# oil catch cans



## SWGOAT (Nov 9, 2010)

Looking to install an oil catch can, do they really work and who has a quality product?


----------



## RJ_05GTO (Jul 6, 2008)

I bought this billet one off of ebay. It is very nice. Some people make thier own for cheap but I dont mind paying a little money for something that looks good and all I have to do is bolt it on rather than run around Lowes or Home Depo finding parts.
GM PONTIAC GTO LS2 BILLET OIL CATCH CAN SEPERATOR TANK on eBay!
ltyp=AllFixedPriceItemTypes&var=sbar&rvr_id=179122952294&crlp=1_263602_304662&UA=WVI7&GUID=b1f8671112c0a06c1b737493fed8530e&itemid=110563808871&ff4=263602_304662

You can check out my recent post and you can see why a catch can is a worthwhile investment. http://www.gtoforum.com/f38/oily-intake-ports-30278/


----------



## 87GN06GTO07IRL (Aug 10, 2009)

You can save money and have a nipple welded to your exhaust and attach it there. You'll never need to worry about oil in the intake again.


----------



## motoristx (Apr 27, 2010)

RJ, thats the one i got! i noticed it can vibrate loose on mine... and the "can" isn't very big... however, mine also had some oil issues and would spit up more oil then you guys should see.

i put a small valve on the bottom of it where that plug is, and some tubing to drain it. it seems to work very well and i can drain every 1k miles hot or cold...


----------



## motoristx (Apr 27, 2010)

06gtoin216 said:


> You can save money and have a nipple welded to your exhaust and attach it there. You'll never need to worry about oil in the intake again.


:confused 

you vent the crank case to the exhaust? i'm not understanding the way this would be set up


----------



## RJ_05GTO (Jul 6, 2008)

motoristx said:


> RJ, thats the one i got! i noticed it can vibrate loose on mine... and the "can" isn't very big... however, mine also had some oil issues and would spit up more oil then you guys should see.
> 
> i put a small valve on the bottom of it where that plug is, and some tubing to drain it. it seems to work very well and i can drain every 1k miles hot or cold...

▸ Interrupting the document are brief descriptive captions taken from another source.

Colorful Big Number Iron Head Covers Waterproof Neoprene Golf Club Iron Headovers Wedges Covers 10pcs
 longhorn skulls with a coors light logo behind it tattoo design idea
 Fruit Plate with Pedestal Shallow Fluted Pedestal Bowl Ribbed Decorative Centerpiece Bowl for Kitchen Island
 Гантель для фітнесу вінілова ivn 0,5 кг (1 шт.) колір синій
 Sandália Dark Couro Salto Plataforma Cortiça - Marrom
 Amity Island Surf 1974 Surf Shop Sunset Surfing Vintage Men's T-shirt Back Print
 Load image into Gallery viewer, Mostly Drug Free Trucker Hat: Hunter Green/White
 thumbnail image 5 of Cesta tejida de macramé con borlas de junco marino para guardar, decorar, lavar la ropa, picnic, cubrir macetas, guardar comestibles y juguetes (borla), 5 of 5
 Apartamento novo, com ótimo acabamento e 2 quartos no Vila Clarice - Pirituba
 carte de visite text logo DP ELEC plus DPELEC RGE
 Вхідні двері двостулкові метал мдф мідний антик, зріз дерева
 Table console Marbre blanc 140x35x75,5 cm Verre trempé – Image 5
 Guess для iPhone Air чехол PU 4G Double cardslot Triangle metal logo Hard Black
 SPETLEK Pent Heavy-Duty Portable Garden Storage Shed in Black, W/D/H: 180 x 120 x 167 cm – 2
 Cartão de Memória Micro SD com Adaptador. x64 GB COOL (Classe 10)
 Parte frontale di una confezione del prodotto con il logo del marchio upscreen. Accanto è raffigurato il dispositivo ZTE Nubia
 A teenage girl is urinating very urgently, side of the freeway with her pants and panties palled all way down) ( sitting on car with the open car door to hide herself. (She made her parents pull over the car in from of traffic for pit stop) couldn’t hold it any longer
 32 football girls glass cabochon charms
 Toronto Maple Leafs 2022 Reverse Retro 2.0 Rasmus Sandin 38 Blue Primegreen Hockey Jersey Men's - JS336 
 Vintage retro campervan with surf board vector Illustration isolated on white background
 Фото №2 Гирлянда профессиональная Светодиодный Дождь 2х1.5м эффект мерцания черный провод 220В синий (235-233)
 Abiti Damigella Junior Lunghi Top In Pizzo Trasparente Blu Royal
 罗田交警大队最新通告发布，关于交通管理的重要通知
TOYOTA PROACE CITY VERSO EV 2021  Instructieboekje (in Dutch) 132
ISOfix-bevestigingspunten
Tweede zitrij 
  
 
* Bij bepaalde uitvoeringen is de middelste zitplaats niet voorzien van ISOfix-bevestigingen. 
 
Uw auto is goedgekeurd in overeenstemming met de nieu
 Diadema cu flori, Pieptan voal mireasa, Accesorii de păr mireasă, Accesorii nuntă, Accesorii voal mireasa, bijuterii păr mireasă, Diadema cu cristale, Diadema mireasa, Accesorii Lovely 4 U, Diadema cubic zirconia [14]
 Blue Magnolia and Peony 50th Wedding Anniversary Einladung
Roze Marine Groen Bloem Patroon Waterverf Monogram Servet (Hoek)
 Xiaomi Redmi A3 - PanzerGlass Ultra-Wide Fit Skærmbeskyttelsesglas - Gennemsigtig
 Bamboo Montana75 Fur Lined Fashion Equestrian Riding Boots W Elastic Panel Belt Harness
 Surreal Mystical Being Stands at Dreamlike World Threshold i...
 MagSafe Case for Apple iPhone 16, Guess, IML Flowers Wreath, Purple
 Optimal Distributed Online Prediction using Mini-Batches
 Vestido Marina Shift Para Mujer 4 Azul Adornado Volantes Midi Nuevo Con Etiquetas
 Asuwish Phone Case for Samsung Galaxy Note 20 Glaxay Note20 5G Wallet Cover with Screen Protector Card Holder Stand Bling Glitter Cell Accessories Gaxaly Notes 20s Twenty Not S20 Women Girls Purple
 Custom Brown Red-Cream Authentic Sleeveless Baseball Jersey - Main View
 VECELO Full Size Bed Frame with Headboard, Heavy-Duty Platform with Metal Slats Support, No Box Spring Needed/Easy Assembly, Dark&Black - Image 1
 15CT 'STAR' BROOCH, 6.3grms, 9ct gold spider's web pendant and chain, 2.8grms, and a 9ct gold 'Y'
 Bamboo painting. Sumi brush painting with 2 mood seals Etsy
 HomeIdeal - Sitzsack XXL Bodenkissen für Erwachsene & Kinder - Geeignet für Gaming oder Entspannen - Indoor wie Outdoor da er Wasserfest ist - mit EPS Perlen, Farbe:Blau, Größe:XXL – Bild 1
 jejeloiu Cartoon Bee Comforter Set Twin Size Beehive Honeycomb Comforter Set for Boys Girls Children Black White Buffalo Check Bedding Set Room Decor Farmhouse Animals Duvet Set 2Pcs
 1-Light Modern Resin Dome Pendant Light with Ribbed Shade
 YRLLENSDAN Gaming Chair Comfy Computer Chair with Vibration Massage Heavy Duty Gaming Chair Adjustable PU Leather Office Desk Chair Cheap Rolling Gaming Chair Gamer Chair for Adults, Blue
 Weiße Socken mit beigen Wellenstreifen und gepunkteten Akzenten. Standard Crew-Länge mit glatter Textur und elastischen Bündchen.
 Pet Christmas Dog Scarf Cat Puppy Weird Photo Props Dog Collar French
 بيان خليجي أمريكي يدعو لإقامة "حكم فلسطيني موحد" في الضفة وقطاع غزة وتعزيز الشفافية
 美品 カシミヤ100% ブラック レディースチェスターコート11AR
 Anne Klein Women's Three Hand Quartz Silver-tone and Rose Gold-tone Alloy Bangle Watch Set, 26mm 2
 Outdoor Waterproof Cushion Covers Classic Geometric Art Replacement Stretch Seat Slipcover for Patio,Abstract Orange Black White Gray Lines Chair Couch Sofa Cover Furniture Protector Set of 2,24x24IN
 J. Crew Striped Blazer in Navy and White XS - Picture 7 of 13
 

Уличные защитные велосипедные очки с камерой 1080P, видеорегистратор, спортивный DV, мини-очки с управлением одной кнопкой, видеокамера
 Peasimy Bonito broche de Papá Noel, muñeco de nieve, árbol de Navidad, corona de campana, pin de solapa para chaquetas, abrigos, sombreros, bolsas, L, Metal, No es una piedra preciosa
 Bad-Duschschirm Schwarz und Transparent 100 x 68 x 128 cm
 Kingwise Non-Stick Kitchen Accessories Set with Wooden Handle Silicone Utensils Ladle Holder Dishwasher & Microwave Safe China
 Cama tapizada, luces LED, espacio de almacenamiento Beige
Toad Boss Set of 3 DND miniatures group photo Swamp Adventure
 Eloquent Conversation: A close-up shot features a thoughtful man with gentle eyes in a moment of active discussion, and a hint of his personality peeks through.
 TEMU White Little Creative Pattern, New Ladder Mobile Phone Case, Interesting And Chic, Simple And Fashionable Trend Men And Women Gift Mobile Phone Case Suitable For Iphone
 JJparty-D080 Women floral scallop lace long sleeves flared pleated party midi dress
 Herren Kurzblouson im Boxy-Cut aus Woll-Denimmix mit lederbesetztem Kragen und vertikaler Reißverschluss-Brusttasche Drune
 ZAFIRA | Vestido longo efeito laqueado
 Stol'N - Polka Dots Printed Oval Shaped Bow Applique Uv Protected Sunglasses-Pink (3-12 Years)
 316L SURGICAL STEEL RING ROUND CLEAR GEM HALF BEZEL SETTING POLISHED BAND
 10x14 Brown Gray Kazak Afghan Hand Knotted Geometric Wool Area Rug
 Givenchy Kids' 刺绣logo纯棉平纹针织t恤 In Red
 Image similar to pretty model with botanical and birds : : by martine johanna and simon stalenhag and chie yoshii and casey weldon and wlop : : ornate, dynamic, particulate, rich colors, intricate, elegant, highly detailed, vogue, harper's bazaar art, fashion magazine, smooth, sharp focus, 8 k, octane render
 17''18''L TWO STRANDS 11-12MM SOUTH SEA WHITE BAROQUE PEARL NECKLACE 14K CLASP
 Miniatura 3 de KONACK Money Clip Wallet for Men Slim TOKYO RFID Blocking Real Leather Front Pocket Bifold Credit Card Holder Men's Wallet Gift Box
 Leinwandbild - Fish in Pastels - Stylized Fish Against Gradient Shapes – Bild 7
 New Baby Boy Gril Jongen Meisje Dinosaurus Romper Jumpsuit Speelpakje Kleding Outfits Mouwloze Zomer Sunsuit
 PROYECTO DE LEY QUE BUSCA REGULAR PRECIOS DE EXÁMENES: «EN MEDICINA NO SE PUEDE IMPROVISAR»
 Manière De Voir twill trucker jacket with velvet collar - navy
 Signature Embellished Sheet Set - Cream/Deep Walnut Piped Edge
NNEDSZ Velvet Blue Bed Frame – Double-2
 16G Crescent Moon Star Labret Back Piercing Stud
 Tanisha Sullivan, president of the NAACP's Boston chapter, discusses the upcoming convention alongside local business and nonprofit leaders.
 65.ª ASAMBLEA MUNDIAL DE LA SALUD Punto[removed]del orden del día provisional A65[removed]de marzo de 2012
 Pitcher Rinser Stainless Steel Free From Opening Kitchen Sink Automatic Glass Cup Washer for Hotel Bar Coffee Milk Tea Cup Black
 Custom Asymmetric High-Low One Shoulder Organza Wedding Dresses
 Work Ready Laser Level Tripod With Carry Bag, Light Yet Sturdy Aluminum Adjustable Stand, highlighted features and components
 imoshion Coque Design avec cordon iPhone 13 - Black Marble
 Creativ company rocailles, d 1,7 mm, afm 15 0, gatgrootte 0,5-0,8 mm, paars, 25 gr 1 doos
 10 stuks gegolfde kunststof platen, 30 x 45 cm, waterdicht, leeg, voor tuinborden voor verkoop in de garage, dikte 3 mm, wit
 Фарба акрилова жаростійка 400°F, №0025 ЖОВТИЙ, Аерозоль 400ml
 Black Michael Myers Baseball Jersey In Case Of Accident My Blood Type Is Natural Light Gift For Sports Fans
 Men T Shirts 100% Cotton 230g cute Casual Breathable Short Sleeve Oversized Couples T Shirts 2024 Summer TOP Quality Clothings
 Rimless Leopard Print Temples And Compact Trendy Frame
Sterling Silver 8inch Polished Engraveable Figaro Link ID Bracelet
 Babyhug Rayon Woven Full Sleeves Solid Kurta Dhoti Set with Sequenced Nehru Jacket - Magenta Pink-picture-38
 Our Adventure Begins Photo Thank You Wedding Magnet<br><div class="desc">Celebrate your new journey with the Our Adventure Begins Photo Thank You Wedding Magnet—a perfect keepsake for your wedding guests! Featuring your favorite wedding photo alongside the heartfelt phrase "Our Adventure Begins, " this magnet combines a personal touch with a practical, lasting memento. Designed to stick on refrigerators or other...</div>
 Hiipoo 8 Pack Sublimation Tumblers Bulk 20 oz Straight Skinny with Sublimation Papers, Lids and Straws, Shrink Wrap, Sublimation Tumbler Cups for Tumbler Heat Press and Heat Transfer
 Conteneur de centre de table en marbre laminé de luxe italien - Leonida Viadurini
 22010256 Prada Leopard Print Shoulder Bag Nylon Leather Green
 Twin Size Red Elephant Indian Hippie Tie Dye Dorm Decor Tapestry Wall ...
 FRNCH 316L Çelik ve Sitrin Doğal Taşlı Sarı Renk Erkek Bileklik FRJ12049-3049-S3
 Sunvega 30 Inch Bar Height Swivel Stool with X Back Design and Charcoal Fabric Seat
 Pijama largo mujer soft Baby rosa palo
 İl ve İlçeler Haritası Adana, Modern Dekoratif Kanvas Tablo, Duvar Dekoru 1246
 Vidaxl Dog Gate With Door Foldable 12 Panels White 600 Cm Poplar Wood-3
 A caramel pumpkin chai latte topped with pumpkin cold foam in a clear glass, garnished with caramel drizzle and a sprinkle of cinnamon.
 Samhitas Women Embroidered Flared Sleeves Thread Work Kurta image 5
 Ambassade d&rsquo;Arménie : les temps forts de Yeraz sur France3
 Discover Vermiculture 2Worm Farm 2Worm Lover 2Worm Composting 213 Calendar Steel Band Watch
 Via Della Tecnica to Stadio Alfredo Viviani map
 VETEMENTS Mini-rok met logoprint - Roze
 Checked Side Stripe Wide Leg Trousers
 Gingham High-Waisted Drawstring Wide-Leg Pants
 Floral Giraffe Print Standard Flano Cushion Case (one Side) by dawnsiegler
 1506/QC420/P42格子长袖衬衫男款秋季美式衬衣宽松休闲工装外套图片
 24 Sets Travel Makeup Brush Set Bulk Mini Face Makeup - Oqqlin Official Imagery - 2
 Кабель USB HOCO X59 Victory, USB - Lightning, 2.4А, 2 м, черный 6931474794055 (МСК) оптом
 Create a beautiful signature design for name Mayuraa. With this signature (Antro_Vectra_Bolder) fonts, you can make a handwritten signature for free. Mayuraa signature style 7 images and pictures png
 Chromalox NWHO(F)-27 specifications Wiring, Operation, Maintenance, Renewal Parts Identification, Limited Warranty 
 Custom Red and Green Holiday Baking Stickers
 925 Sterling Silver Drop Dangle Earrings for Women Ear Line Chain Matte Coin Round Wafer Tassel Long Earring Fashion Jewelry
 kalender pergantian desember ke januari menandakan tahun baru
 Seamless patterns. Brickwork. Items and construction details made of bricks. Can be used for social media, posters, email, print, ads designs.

I havnt noticed any issues with mine yet. Mounting a valve on it is a good idea. I plan on dumping the can out every oil change if i dont check it out of curiosity before then.


----------



## 87GN06GTO07IRL (Aug 10, 2009)

motoristx said:


> :confused
> 
> you vent the crank case to the exhaust? i'm not understanding the way this would be set up


Ok. Drill a hole in mid pipe, weld a nipple to the mid pipe, run a longer hose to the nipple, clamp the hose on, plug the opening on your intake and that's it. It uses vacuum from the exhaust instead of the intake. No sense in sucking oil into the engine. Catch cans help but don't get it all. Only way to solve that is to use another vacuum source. The exhaust works great.


----------



## roy (Jun 1, 2010)

*Catch can choices*

So, before i contact these guys, you who have bought/installed this catch can all agree its a good piece for the $$$?
Any others i should consider, i guess for its simple function, one;s as good as another,eh
Thanks


----------



## GM4life (Mar 18, 2007)

roy said:


> So, before i contact these guys, you who have bought/installed this catch can all agree its a good piece for the $$$?
> Any others i should consider, i guess for its simple function, one;s as good as another,eh
> Thanks


Yes, its worth it I got more than enough and it was a nite and day differance. I would also consider a breather.


----------



## roy (Jun 1, 2010)

*install procedure*

GM - A breather? in line or on valve cover?
I will have to go back & look at old posts, as i know you or someone posted the catch can install procedure


----------



## GM4life (Mar 18, 2007)

Valve cover.


----------